Beth, a young diplomat, and her husband Andrew are stationed at a Canadian Embassy in Africa. They are troubled by news of political upheaval, forced migrations and indiscriminate slaughter. They invite Antoine Nero, the Ambassador, to dinner to try to convince him to close the Embassy. For reasons of his own, the Ambassador refuses. Beth and Andrew learn that Malcolm, the Residence housekeeper, was also housekeeper to the Ambassador and his partner ten years earlier when the country was a sleepy diplomatic backwater. At that time Malcolm’s dream was to attend a university elsewhere and then to return to his country to play a major role in its golden future. His dream was encouraged by the Ambassador’s partner Eugene, who befriends, instructs and eventually traps Malcolm in a complex triangle of loyalty and betrayal. The opera escalates to its bloody climax at the dinner party intended to persuade the Ambassador to depart. Malcolm, the impotent silent watcher, finally steps into his destined role. “There exists between the person I am and the person I want to be, a vast space filled with terror.”
MUSIC DESCRIPTION
SCORES FOR PURCHASE
PREMIERE PRODUCTION INFORMATION
Role | Name |
---|---|
Antoine | Benoit Boutet |
Beth | Fides Krucker |
Eugene | Willy Miles-Grenzberg |
Malcom | Marcus Nance |
Andrew | Curtis Sullivan |
Role | Name |
---|---|
Music Director | Wayne Strongman |
Director | Atom Egoyan |
Set, Film and Costume Design | Phillip Barker |
Lighting Design | Paul Mathiesen |
CREATION
DEVELOPMENT
The creative team’s fictional story idea for Elsewhereless pre-dated the 1994 Rwandan genocide, but the event overtook the production. Phillip Barker included footage from the Rwandan Civil War in several scenes. For its 20th Anniversary season, Tapestry Opera teamed up with Vancouver New Music Society, in association with the National Arts Centre, to present Elsewhereless. It was truly an amazing premiere production with 35 performances of the new opera in three cities. Subsequently, excerpts have been performed internationally: Nieuw Ensemble (Amsterdam), Ensemble Orphée (Rome), and Aventa (Victoria) as well as at VNMS’s 40th Anniversary celebrations in 2013.
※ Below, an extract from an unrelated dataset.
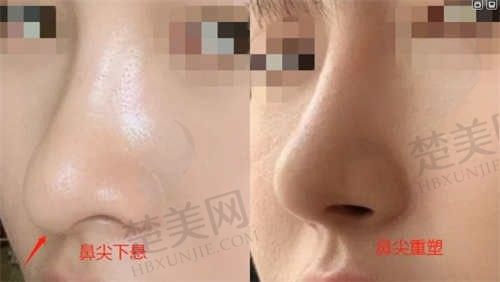 郴州唯美医疗美容欧阳春医生鼻修复12800起步，项目很齐全，其他项目价格也在这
QUOTATIONS FROM CREATIVE TEAM
Elsewhereless moves back and forth in time over the course of ten years. Over these ten years - represented in twelve scenes - five characters are observed as they learn a language, fall in love, create elaborate fantasies and witness a country fall apart in an orgy of genocide and massacre. This is a story about colonialism and self-determination - in relationships, states and states of mind.
I couldn’t think of a more thrilling proposition. While music had always played a huge role in my films, when I was offered the chance to write a libretto and direct a chamber opera for Tapestry Music in the mid-90s I was excited to explore this format. I had been exposed to opera through Alban Berg’s Wozzeck, having played the doctor in a university production of the play by Georg Büchner (called Woyzeck). I came to realize that many of my favourite operas were based on plays, including Richard Strauss’ Salome (based on a play by Oscar Wilde), so when the brilliant composer Rodney Sharman and I began to explore ideas for a collaboration, we settled on a play I had written for Tarragon Theatre many years before.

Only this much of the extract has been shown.